Sede vacante

Benedykt XVI przechodzi do historii jako wielki papież. Nie dlatego wielki, że z urzędu ustąpił. Ustąpił dlatego, że jest wielki. A z tego, co zostawia, Kościół i my wszyscy długo jeszcze będziemy z wdzięcznością czerpać.

11.02.2013

Czyta się kilka minut

 /
/

Benedykt XVI wejdzie do historii jako papież, który ustąpił z urzędu, bo uznał, „że z powodu podeszłego wieku jego siły nie są już wystarczające, aby w sposób należyty sprawować posługę Piotrową”. Chociaż i tak już wszedł do historii jako jeden z najwybitniejszych teologów swego czasu, prefekt Kongregacji Nauki Wiary, papież-teolog, wspaniały nauczyciel wiary i ten, który skutecznie stawił czoło dramatycznej hańbie pedofilii wśród kleru.
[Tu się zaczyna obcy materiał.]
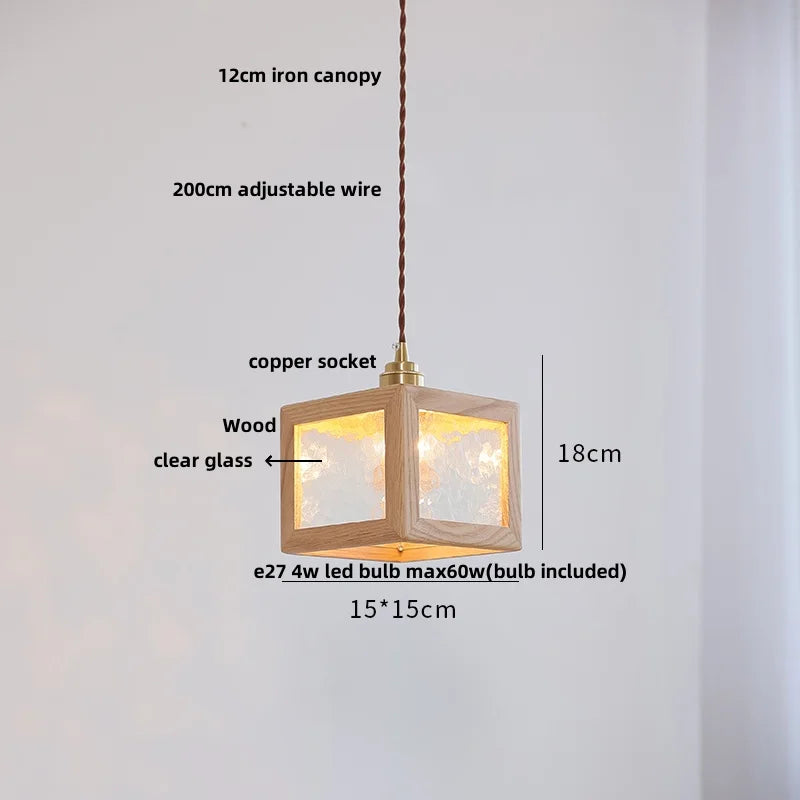 Helnys Glass & Wood LED Pendant Light - Modern Nordic Kitchen Cafe Bar Lamp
Jego decyzja ustąpienia z urzędu jest wydarzeniem bez precedensu, przełomowym. Dawne abdykacje papieży miały całkowicie inny kontekst, inne motywacje. Benedykt XVI podjął decyzję, którą przecież rozważali jego poprzednicy, ale żaden z nich jej nie podjął. Mówiło się o wahaniach Pawła VI, kiedy odnowił bazylikę przechowującą szczątki św. Celestyna V w Aquila, papieża, który abdykował w 1294 r.


Podobną ewentualność rozważał też Jan Paweł II, do czego zresztą Benedykt wyraźnie nawiązuje w swoim oświadczeniu: „Jestem w pełni świadom, że ta posługa, w jej duchowej istocie, powinna być spełniana nie tylko przez czyny i słowa, ale w nie mniejszym stopniu także przez cierpienie i modlitwę”. Jednak wyraźnie daje do zrozumienia, że w tym nie zamierza naśladować swego poprzednika. Wyjaśnia: „aby kierować łodzią św. Piotra i głosić Ewangelię w dzisiejszym świecie, podlegającym szybkim przemianom i wzburzanym przez kwestie o wielkim znaczeniu dla życia wiary, niezbędna jest siła zarówno ciała, jak i ducha, która w ostatnich miesiącach osłabła we mnie na tyle, że muszę uznać moją niezdolność do dobrego wykonywania powierzonej mi posługi”.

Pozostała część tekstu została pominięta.